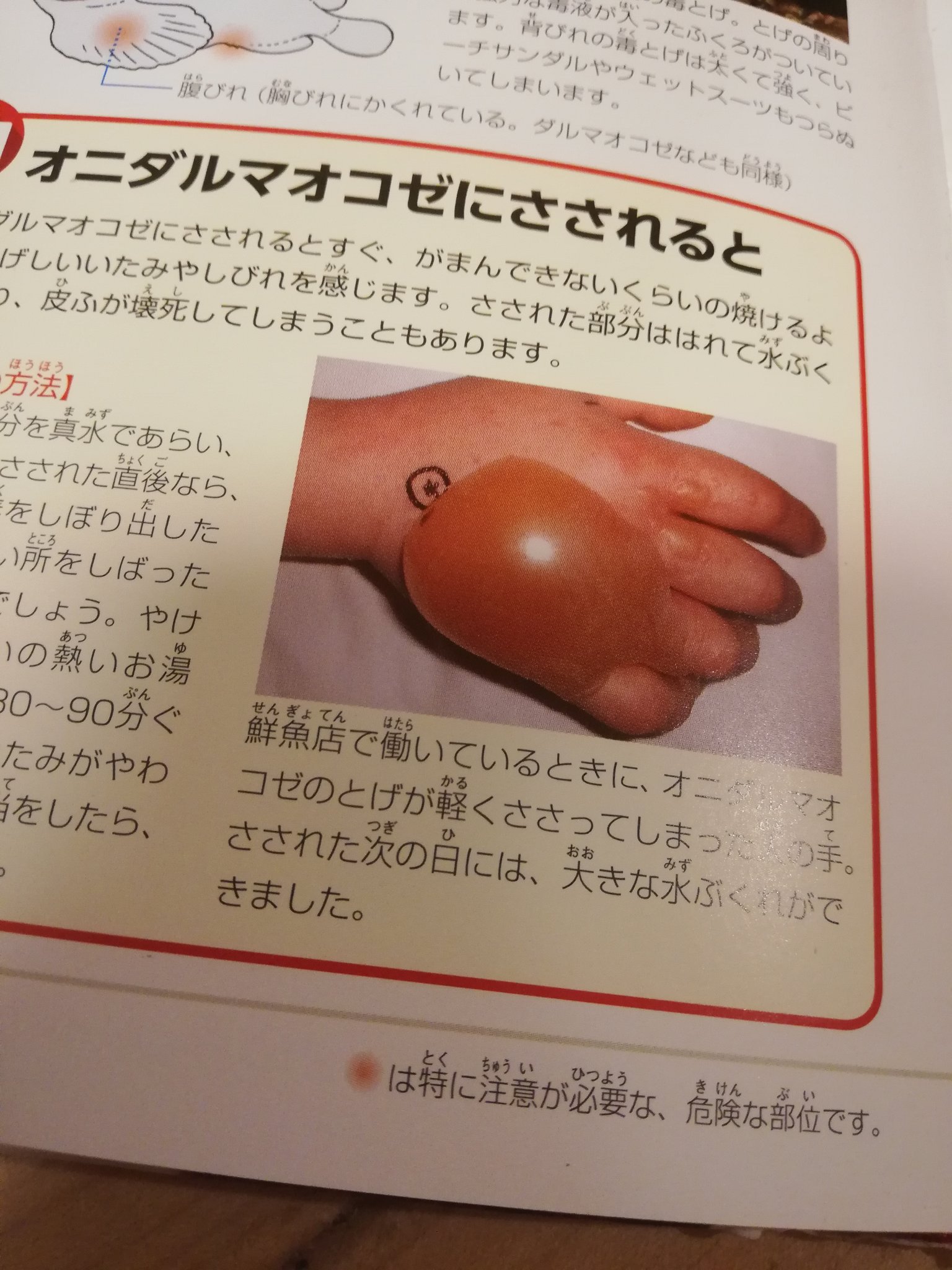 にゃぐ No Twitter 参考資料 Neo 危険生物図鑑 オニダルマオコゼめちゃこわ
◆ ◆ ◆ ◆ ◆ ◆ ◆
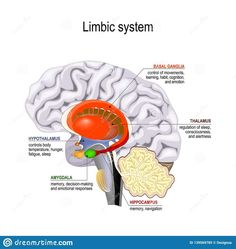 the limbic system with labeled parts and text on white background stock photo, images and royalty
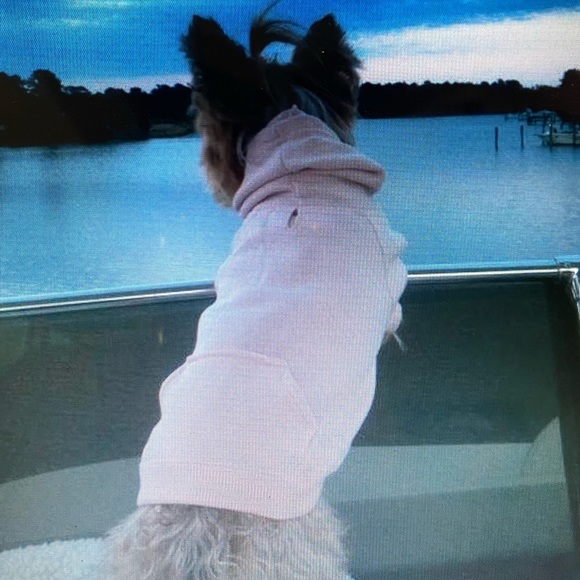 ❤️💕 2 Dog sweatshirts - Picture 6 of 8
◆ ◆ ◆ ◆ ◆ ◆ ◆
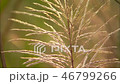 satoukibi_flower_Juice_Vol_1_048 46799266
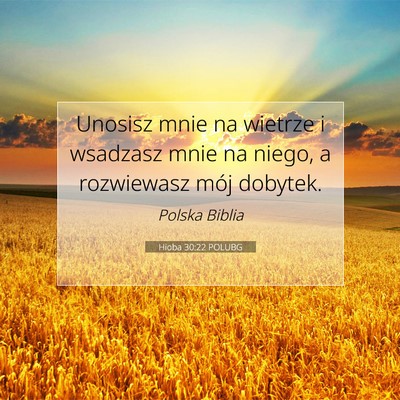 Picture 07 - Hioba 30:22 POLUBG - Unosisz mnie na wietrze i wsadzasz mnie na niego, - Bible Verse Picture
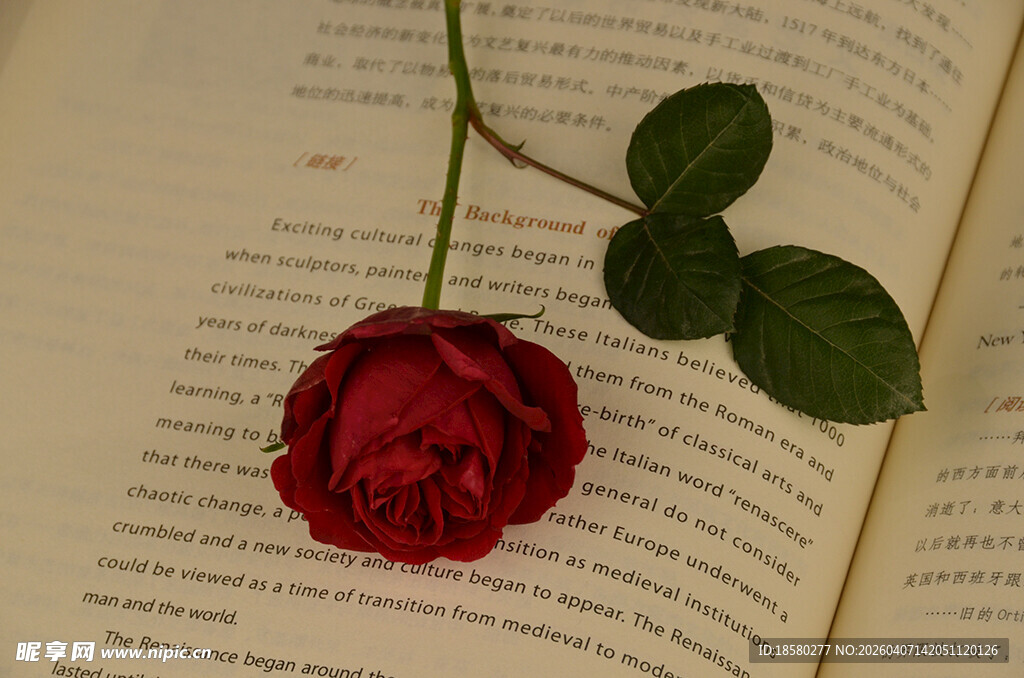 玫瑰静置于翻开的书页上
◆ ◆ ◆ ◆ ◆ ◆ ◆
Exercise objective —
The lines to copy exactly start with the line above that has "Picture 07 - Hioba" and go on through the line that has "玫瑰静置于翻开的书页上"; please include both, add nothing else, and omit the pictures.

Answer to this task —
 Picture 07 - Hioba 30:22 POLUBG - Unosisz mnie na wietrze i wsadzasz mnie na niego, - Bible Verse Picture
 玫瑰静置于翻开的书页上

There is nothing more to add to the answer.